Description
Hi All! I found Skypilot last week and it's been a huge improvement for deploying single gpu workflows (training and serving).
But I've found a situation where it's not working so well when scheduling multi-gpu setups on GCP.
Right now I'm trying to run a simple trainer on GCP with a little HuggingFace based trainer library I've got. I want a n1-highmem-16
or n1-standard-x
type machine attached to two V100s. When trying to run skypilot, it does its best to try and find quota but consistently fails. When making a similar request via GCP's VertexAI command line tools, the job gets quota much faster and schedules.

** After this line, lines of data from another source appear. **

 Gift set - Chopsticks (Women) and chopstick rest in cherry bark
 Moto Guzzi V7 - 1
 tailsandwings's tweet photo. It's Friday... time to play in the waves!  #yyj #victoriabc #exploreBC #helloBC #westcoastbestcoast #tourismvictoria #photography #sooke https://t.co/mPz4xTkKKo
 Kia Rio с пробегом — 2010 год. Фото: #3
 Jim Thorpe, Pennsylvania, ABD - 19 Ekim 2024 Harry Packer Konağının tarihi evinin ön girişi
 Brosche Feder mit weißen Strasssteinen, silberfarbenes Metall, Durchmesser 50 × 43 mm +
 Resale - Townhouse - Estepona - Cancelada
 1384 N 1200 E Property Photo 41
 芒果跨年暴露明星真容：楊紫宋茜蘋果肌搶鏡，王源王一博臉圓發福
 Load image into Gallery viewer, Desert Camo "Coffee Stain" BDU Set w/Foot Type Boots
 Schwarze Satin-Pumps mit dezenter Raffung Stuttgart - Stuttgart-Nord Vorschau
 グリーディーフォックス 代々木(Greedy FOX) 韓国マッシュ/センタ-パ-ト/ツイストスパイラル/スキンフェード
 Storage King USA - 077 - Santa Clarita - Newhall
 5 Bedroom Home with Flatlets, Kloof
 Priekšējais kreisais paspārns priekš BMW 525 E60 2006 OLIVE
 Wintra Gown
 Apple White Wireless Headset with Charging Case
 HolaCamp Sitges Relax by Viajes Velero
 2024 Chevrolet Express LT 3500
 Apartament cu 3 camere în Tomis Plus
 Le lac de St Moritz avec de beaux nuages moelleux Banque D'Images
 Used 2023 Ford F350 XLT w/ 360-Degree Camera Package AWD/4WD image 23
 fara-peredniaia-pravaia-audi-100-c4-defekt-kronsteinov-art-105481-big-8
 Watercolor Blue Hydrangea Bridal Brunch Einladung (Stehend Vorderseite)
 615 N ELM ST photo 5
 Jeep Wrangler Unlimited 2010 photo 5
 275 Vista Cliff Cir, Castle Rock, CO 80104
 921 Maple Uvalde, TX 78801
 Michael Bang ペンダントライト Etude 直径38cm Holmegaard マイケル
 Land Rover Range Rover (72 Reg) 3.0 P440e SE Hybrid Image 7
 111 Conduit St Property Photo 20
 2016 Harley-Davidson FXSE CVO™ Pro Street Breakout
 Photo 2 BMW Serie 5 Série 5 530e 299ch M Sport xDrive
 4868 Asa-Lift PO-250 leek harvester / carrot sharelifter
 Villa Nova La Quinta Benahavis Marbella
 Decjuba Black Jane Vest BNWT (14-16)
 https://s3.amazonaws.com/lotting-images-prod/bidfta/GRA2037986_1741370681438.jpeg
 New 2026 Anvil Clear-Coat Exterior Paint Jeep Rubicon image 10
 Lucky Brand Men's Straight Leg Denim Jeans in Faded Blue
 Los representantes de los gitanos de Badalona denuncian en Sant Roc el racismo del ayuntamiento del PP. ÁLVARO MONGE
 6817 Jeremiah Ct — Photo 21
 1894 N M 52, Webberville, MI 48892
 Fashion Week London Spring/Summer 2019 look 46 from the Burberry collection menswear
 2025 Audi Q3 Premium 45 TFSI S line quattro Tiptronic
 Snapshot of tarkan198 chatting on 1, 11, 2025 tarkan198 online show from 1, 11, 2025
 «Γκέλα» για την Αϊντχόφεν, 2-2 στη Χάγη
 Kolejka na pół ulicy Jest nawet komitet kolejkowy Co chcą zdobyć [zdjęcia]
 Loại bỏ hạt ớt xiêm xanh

Is there some kind of bias in GCP where it prefers VertexAI based scheduling over the tools skypilot has access to?
For reference, he's a copy of my two configs:
skypilot:
name: unified-pythia160m-peft
resources:
accelerators: V100:2
workdir: .
file_mounts:
/gcs-data:
source: gs://my-bucket
mode: MOUNT
setup: |
sudo apt-get install -y git-lfs
conda create -n cubrio-trainer python=3.9 -y
conda activate cubrio-trainer
pip install .
run: |
conda activate cubrio-trainer
python -m torch.distributed.launch --nproc_per_node=${NUM_GPUS=2} \
-m cubrio_ml_training.train_peft \
--model_name_or_path=EleutherAI/pythia-160m \
--project_name=unified_pythia160m \
--chat_dataset_path=/gcs-data//data_path.jsonl \
--output_dir /gcs-data/checkpoints/unified_pythia160m \
--save_model \
--save_merged_model
vertex AI:
workerPoolSpecs:
machineSpec:
machineType: n1-standard-8
acceleratorType: NVIDIA_TESLA_V100
acceleratorCount: 2
replicaCount: 1
containerSpec:
imageUri: gcr.io/my_project_id/pytorch_gpu_train_hf_peft_creator:latest
command:
- python3.10
args:
- -m
- torch.distributed.launch
- --nproc_per_node=2
- -m
- cubrio_ml_training.train_peft
- --model_name_or_path=EleutherAI/pythia-160m
- --project_name=unified_pythia160m
- --chat_dataset_path=/gcs/data_path.jsonl
- --output_dir=checkpoints/unified_pythia160m
- --save_model
- --save_merged_model
The only substantial difference between the two is the machine type, skypilot picks a n1-highmem-16
VM but I doubt that's causing the issue.